I’ve lived in two long romantic relationships with two different women.
The last women I happily married and we’re still together. She surpasses the cartoon character Wonderwomen by far on any metric. She is funny, smart, strong, gorgeous, reflecting, supportive… Man, I don’t know what I’ve done to deserve her company. But she makes me wanna be a better man and I will try to live by that emotion and make it to my creed.

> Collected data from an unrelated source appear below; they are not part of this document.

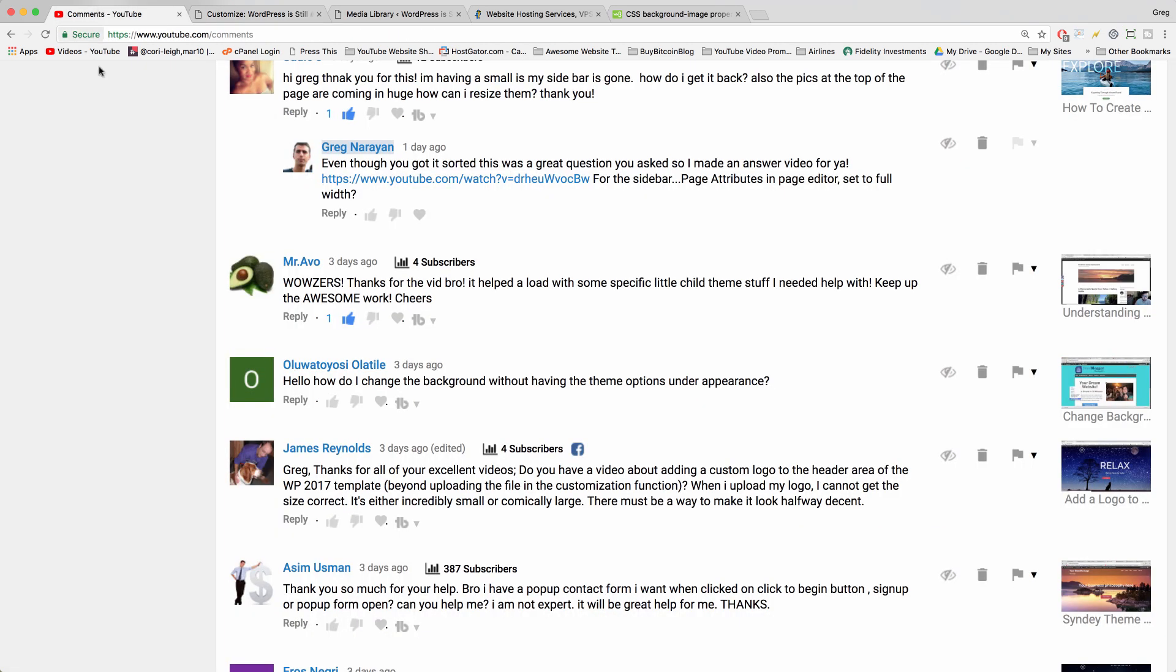I just wanted to show you how to change those two background properties in WordPress. Thanks so much to all the what to Yossi for asking a great question which inspired this video. Super common question, really appreciate you asking that one. Thanks a lot for watching because I enjoyed making this for you guys. Of course, please make sure to subscribe and we'll do our best to keep making WordPress blogging more fun for you. Thanks again, I'll see you next time.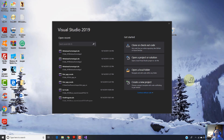Hi guys, welcome to another tutorial on it.tutorials. I am Jozef Portnart. The goal of this video tutorial is to talk about project files in Visual C-Sharp. I'm going to make a series of Visual C-Sharp tutorials, starting with this one.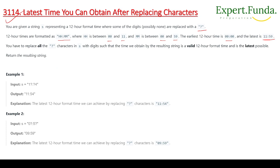You have to replace all the question mark characters in s with digits such that the resulting string is a valid 12-hour format time and is the latest possible. We will return the resulting string. So we replace all question marks with digits to get the latest valid 12-hour time.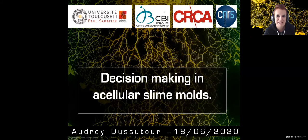Hello everyone. I'm Audrey Dicitor from Toulouse in France, and I'm going to talk about decision-making in unicellular slime molds.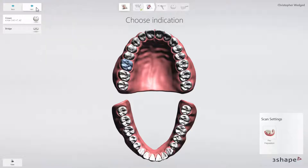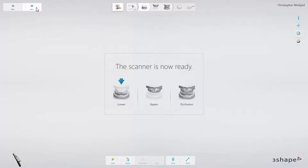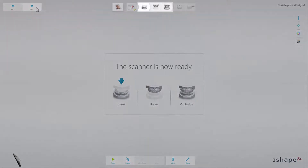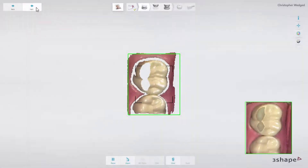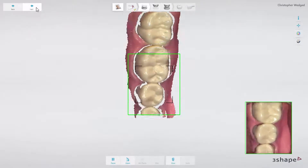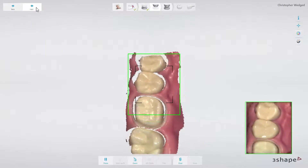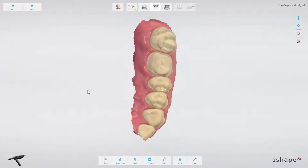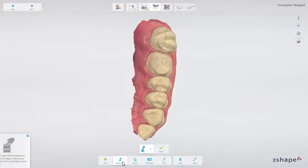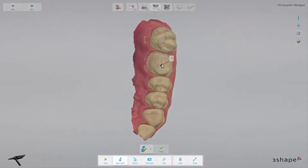Click Next and the scanning module will start. When the TRIOS module is open, the scanning icon is divided into scanning workflow steps that may be necessary for a given restoration. You can scan in any order. Always remember to mark the tooth on which the restoration is planned. Working with the TRIOS scanning module, you can use all the tools available for the TRIOS application.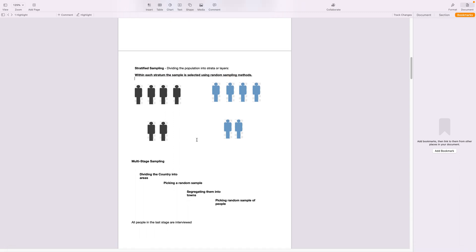The next sampling method is multi-stage sampling. Here if the population size is large, then I keep dividing and eliminating the population. Say for example I want to take a survey for the whole country of United Kingdom. How do I do that?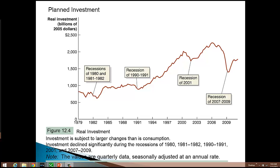We can clearly see that investment declined during the recessions identified during this time period. We see the recessions of 1980, 1981, and 1982, the recession of 1990 and 1991, the recession of 2001, and then our last recession of 2007 and 2009.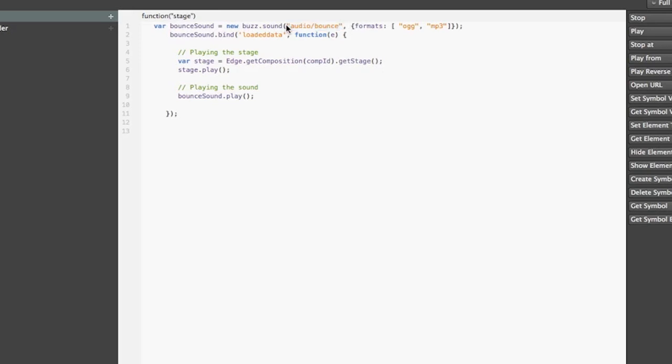So I'll create new buzz.sound and first the parameter here is a path to your sound, then you can specify formats, the file extensions that your sound supports. And this is important and this is nice because Buzz will automatically, based on the browser that it is running in, use a proper format for you.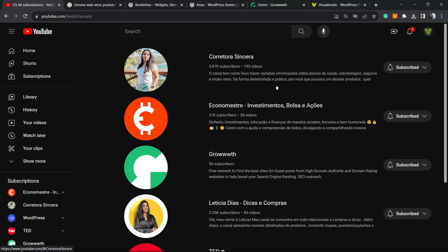What's up guys, here's Claudio from Visual Mode WordPress Themes. In today's video I'm gonna give you a quick tip in order to mass unsubscribe from your YouTube subscribed channels.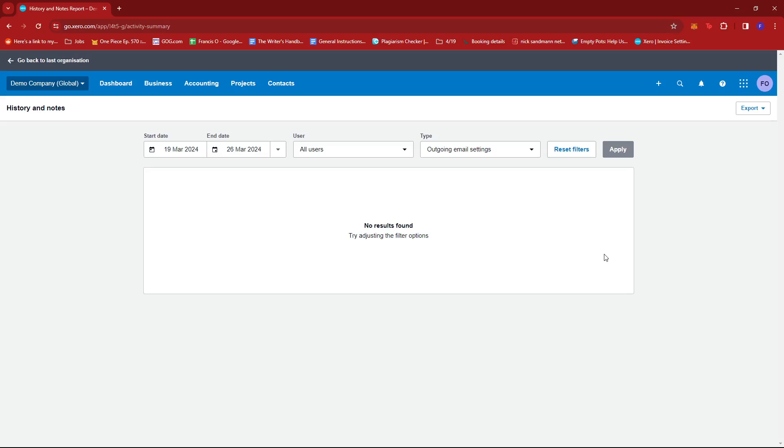And if you've already sent some emails in your Xero account, they should all turn up in this section. Now, as you can see, it's currently empty. This is because I haven't sent any email in my demo company.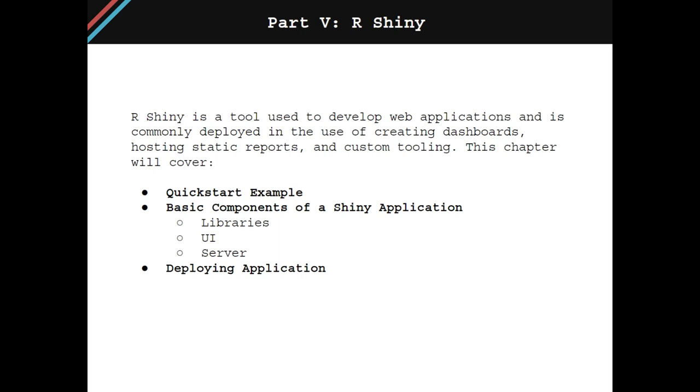R Shiny is a tool used to develop web applications and is commonly deployed for creating dashboards, hosting static reports, and custom tooling. This chapter will cover a quick start example, the basic components of a Shiny application, and how to deploy your application once it's built.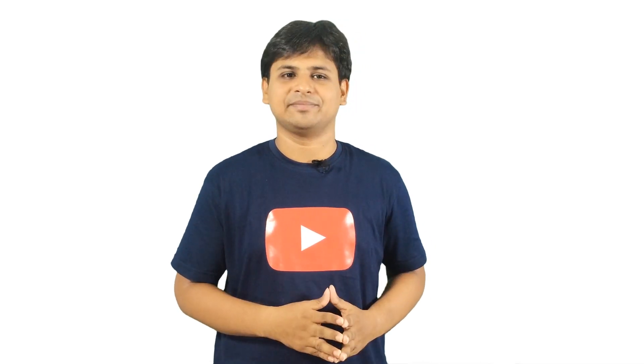Now, after finalizing the first boot option, restart the PC and press any key to boot from the respective selected device, whether it might be from DVD or USB.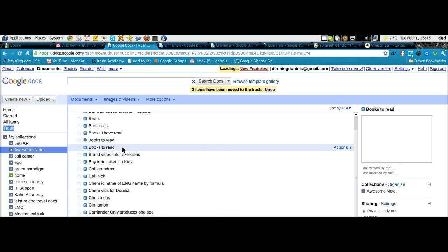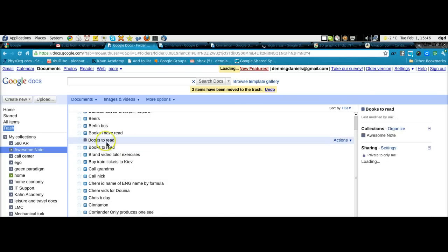Actually, let's take a look at this one. Books to read. You can see the text. I wonder why this one's different.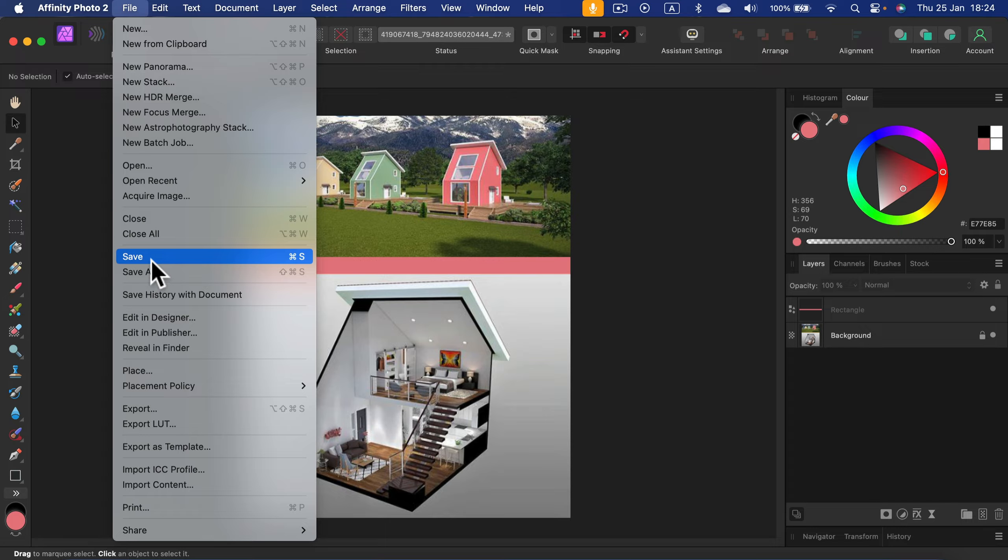Then click Export and the file was saved on my drive as a JPEG. I hope this tutorial was helpful, let's check the next Affinity Photo tutorial.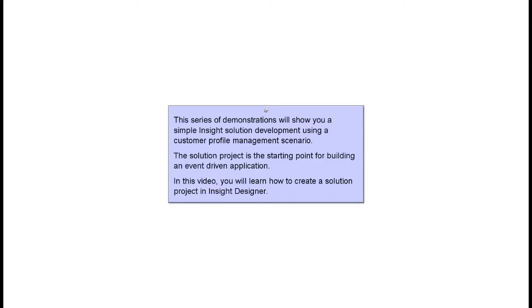This series of demonstrations will show you a simple Insight solution development using a Customer Profile Management Scenario. The solution project is a starting point for building an event-driven application. In this video, you will learn how to create a solution project in Insight Designer.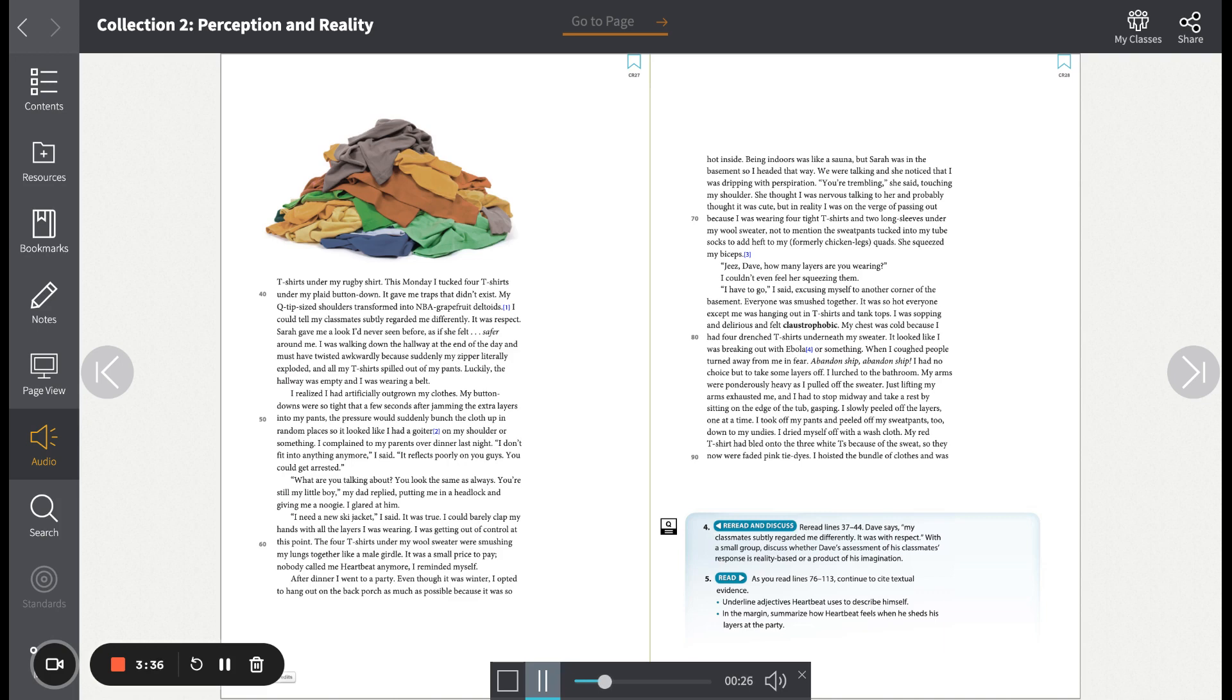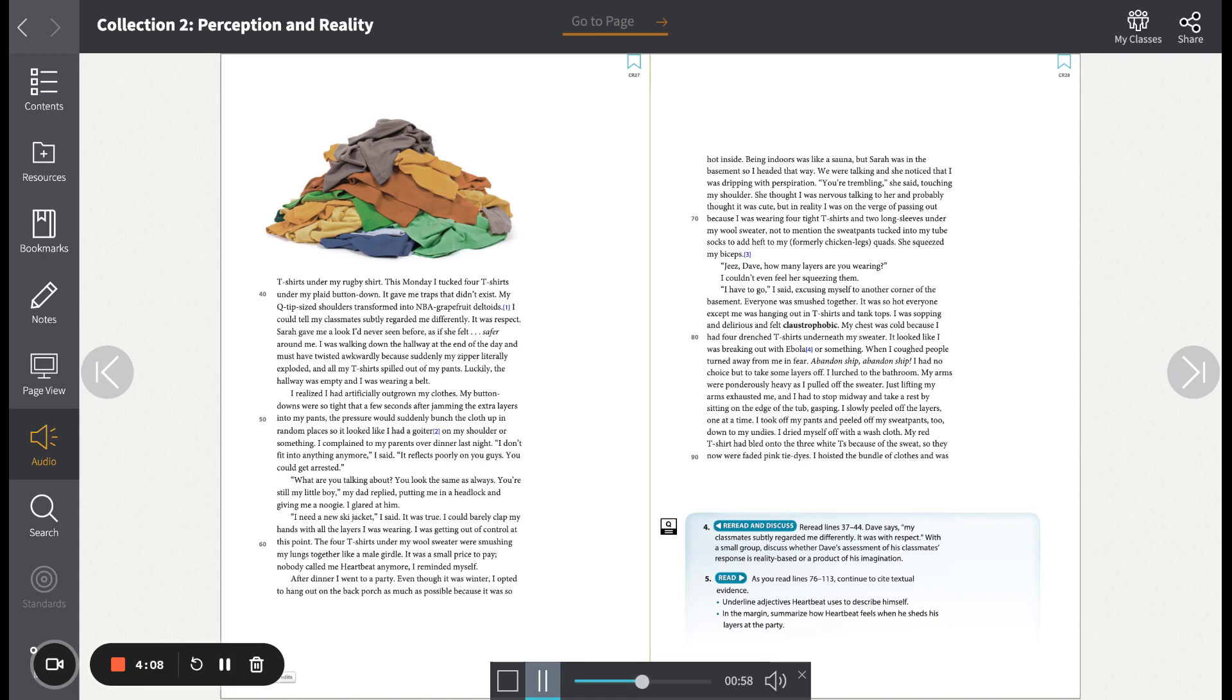I was walking down the hallway at the end of the day and must have twisted awkwardly because suddenly my zipper literally exploded and all my t-shirts spilled out of my pants. Luckily, the hallway was empty and I was wearing a belt. I realized I had artificially outgrown my clothes. My button-downs were so tight that a few seconds after jamming the extra layers into my pants, the pressure would suddenly bunch the cloth up in random places, so it looked like I had a goiter on my shoulder or something.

I’ve traveled a lot. I’ve traveled thru all of Europe. I’ve driven a car from San Franscisco to New York by my self. I’ve lived in the poor and rural areas in the Phillipines. I’ve lived in Dubai for app. 3 years. I am currently living in Cyprus since 4 years back.
I’ve been blessed and cursed to have an entreprenarial spritit. As a result of that I’ve started several companies. Non of them have been a real success measured from a financial perspective. Measured from a learning and personal growth perspective, they have been VERY rich.
- I’m dealing with a really rough depression that has been ongoing for app. 10-12 years back. But for the last 2-3 years, I’ve been loosing the battles.
- I’ve been a black cloud of sadness, anger & hatred. The target of all of this has been everybody, including myself. I’ve been able to contain the outburst to myself, until perhaps 3 years ago. Than the world started to hear and see my wraith.
- As of a result, I’ve been unemployed these 2 years.
- I’ve become quite obese.
- I’ve self isolated myselft to the point were I’ve been alone with more or less no contact from family, friends or co-workers. Only interaction I had was with my wife & my dogs.
Plans for the future?
- I am going to do a redemption tour from the last couple of years.
- I am going to aquire more meaningful relationships in my life.
- I am going to succeed financially with my business endevours.
- I am going to aquire more joy and happiness, like I did when I was young.
- I am going to become a vital provider to my social sourrandings of joy, happiness, creaing purpose and meaning so when the existiential darkness hits mine or their human vehicle. That stress and anxiety isn’t the to only harbours that have a place to park their boat in. My cozy living room, my guest room could also be mine and theirs salvation spots.
I don’t know how to achieve any of the bullet points above as of right now.
That feeling of not knowing how to achieve any of it sometimes gives me deep anxiety.
But I do know that my life continuation is depending that I move in the direction outlined in the bullet points above. Because I’ve been on the other spectrum of that gradient… And it only leads to darkness, in both feelings and thoughts.